■ Requirement ■
Below are some records. Write out exactly their lines from the one with "StarTech.com Support de" through the one with "Nova Kurta Set", and leave the pictures behind.

==================================================

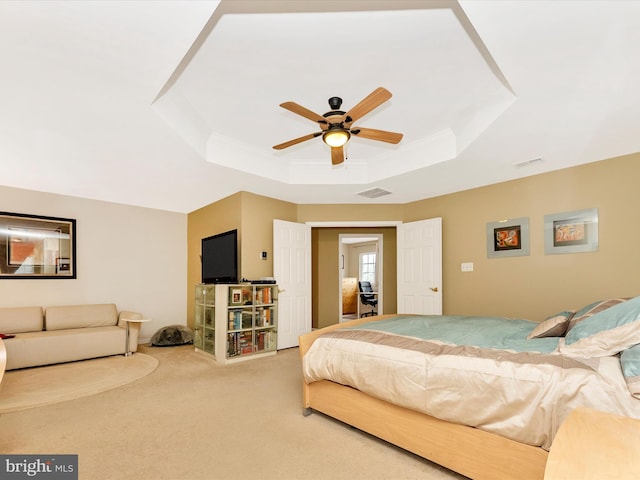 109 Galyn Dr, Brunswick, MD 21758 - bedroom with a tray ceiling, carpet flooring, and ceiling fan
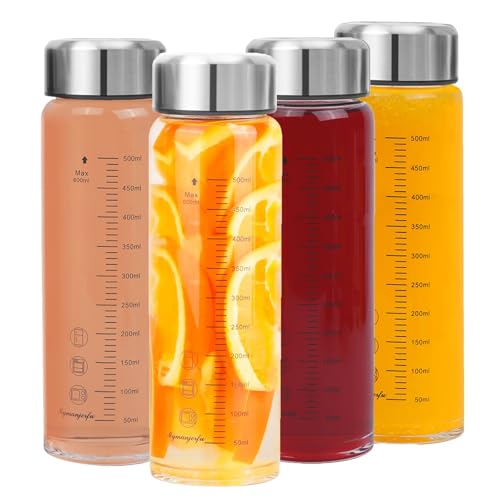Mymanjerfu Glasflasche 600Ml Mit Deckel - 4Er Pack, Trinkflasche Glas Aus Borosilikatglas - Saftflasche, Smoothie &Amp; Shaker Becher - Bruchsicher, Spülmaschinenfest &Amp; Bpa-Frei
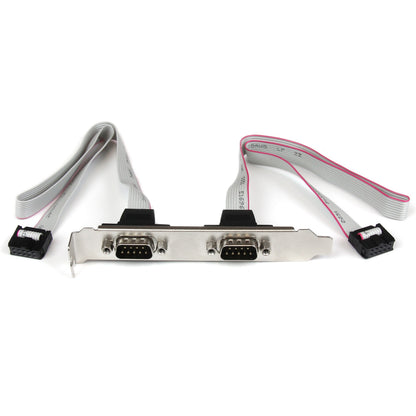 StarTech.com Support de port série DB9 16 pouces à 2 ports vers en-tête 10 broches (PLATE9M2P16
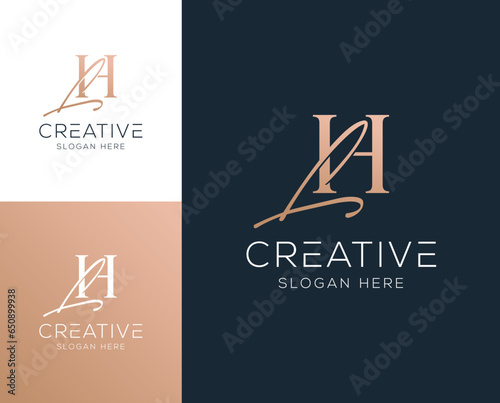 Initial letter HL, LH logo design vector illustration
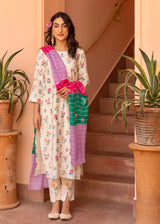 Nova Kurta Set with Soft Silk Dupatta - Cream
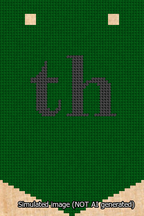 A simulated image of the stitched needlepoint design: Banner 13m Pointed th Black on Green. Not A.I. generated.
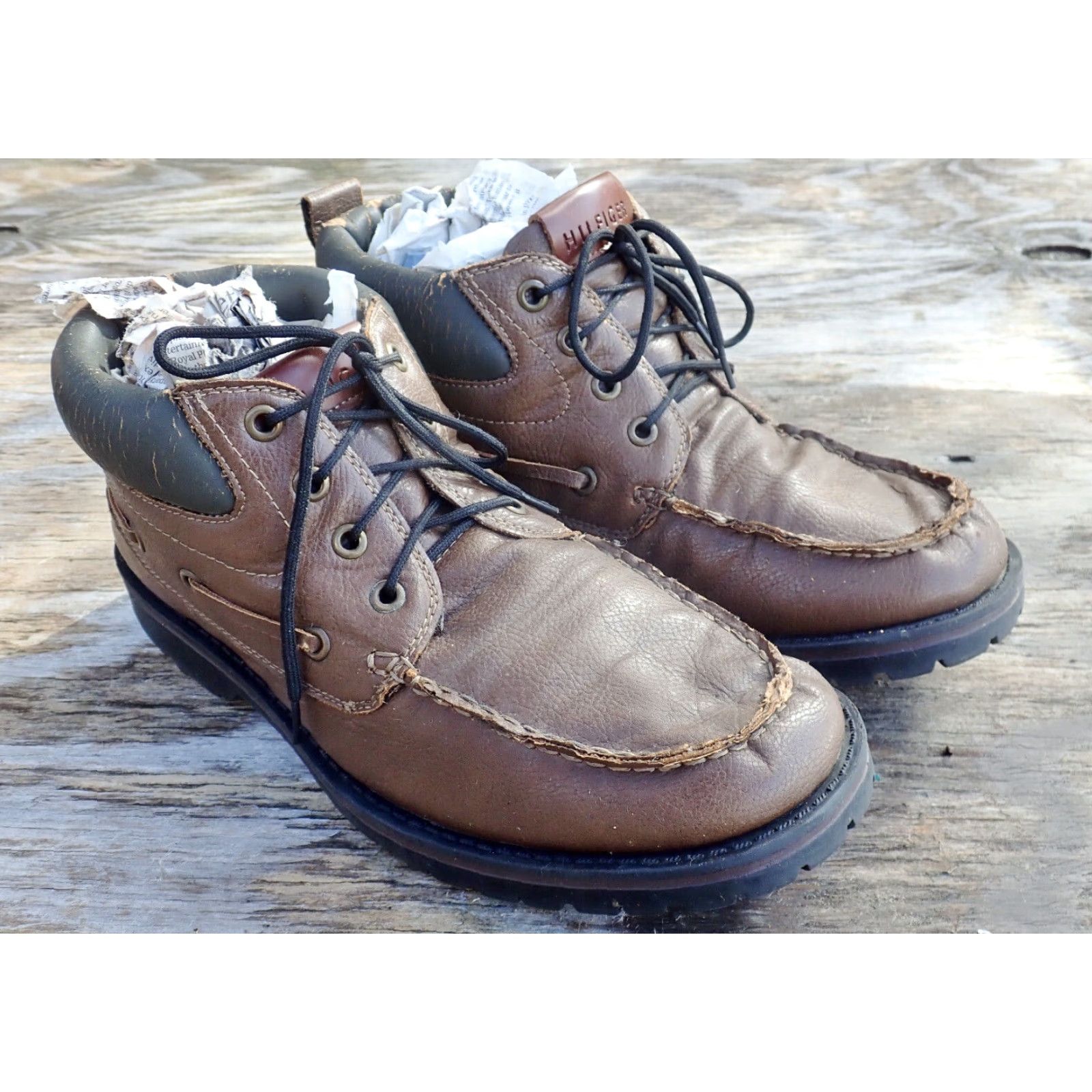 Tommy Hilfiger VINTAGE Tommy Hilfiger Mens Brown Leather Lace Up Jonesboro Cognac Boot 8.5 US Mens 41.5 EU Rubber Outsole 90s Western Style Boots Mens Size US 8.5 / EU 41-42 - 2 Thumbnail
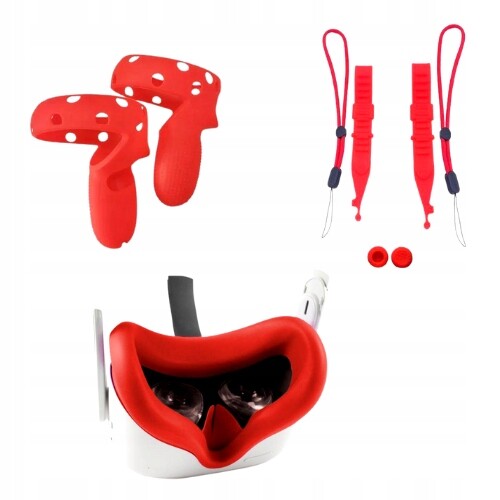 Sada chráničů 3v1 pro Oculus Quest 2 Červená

==================================================

■ Solved problem ■
 StarTech.com Support de port série DB9 16 pouces à 2 ports vers en-tête 10 broches (PLATE9M2P16
 Initial letter HL, LH logo design vector illustration
 Nova Kurta Set with Soft Silk Dupatta - Cream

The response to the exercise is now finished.